JV Wholesale Deals: Structuring Profitable Partnerships

Joint venture wholesaling unlocks deals you can't do alone. Here's how to structure JVs that work for both sides.

Joint venture (JV) wholesaling is a partnership between two wholesalers (or between a wholesaler and another party) to close a single deal. JVs occur when one party has a deal but lacks a buyer, the other party has buyers but lacks a deal, or the deal is large enough that collaboration is more efficient than going solo. Done well, JVs can account for 20–40% of an active wholesaler's revenue.

The most common JV scenario is deal-buyer matching. Wholesaler A has contracted a property but doesn't have a buyer who fits the price point or geography. Wholesaler B has a strong buyer network for that property profile. The two team up: A provides the deal, B provides the buyer, and they split the assignment fee. Typical splits are 50/50 on matching contributions but can vary widely based on the relative difficulty of each role.

Other JV structures include mentorship-style arrangements (an experienced wholesaler guides a newer one in exchange for a share of the deal), capital-plus-deal structures (one partner provides transactional funding or earnest money, the other provides the deal, for a negotiated share), and multi-wholesaler collaborations on larger commercial or multifamily deals.

JV agreements must be in writing. Even with trusted partners, a one-page JV agreement preventing future disputes is essential. Key terms include the specific property, the roles of each party, the split percentage, how expenses are handled (earnest money, marketing costs), the timeline for the deal to close, and procedures if the deal fails. Templated JV agreements work fine for simple transactions.
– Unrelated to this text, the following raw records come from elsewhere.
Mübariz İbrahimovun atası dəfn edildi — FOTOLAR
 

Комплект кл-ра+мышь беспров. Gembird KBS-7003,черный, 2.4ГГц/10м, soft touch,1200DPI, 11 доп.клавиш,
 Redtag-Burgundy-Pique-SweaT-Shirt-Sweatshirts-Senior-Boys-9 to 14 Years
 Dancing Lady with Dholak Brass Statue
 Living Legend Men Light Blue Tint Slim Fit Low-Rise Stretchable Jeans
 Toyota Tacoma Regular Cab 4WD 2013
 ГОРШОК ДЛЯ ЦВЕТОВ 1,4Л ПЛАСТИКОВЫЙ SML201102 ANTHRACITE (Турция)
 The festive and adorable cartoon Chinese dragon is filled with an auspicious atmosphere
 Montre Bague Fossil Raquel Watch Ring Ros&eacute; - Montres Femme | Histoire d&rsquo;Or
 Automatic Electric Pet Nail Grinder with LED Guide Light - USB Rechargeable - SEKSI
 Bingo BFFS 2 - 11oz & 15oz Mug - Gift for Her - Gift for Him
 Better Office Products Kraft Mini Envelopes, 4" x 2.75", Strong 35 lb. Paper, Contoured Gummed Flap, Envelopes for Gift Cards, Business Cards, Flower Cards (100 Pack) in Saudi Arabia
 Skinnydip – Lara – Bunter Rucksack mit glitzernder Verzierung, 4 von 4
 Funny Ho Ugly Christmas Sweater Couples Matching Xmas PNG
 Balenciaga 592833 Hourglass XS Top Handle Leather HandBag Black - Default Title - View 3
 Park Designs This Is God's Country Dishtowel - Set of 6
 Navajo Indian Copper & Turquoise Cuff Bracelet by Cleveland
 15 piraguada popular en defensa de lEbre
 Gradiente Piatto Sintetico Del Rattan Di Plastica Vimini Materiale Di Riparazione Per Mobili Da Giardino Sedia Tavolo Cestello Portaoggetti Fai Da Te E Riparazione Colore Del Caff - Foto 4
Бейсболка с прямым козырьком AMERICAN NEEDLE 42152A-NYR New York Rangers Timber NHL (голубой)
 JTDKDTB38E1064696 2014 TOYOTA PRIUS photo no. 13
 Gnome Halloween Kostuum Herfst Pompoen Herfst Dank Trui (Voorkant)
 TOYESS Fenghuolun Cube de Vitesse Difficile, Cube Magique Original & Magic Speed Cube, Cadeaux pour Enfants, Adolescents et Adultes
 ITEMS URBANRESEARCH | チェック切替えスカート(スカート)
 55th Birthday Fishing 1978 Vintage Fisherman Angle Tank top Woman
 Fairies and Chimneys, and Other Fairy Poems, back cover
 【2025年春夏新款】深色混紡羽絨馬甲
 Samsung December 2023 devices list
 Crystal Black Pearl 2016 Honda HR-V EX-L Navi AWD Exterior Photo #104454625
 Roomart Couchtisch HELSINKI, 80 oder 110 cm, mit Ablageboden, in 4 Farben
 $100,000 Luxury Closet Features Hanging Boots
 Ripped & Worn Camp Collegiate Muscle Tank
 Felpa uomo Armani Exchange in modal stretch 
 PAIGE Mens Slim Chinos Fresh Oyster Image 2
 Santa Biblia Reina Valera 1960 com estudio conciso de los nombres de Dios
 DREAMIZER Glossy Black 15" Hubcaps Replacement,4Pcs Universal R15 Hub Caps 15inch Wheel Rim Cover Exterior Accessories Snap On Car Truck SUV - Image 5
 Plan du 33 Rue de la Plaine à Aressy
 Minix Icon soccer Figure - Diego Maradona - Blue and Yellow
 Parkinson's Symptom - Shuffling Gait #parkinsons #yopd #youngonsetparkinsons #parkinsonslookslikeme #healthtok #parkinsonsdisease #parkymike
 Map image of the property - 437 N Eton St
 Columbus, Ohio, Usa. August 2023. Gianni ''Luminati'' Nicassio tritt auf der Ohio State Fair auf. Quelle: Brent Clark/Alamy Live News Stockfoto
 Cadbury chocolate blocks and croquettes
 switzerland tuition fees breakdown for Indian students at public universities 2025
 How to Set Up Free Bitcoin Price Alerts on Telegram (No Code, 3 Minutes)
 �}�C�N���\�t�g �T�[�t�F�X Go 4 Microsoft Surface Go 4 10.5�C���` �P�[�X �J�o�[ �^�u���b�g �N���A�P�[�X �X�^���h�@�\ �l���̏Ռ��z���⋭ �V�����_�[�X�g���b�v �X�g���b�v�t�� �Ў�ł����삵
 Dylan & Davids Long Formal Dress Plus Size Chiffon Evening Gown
Earnest money handling is a common friction point. If the deal closes, earnest money returns as part of the closing. If the deal fails and earnest money is lost, who absorbs that loss? Pre-negotiate this before committing. Typically, the partner who contracted the deal bears the earnest money risk unless otherwise agreed.

Reputation and relationships drive long-term JV success. Wholesalers who honor agreements, share information transparently, and treat partners fairly get called when deals arise. Wholesalers who try to squeeze partners on splits, renegotiate terms mid-deal, or fail to disclose key information find future JV opportunities drying up quickly.

Start building JV relationships before you need them. Attend REIA meetings, engage in online communities, and get to know other active wholesalers in your market. When opportunities arise where collaboration makes sense, both sides benefit from established trust. Some wholesalers maintain formal JV networks with 5–15 partners across different markets, generating a steady flow of collaborative deals that none of the individuals could source alone.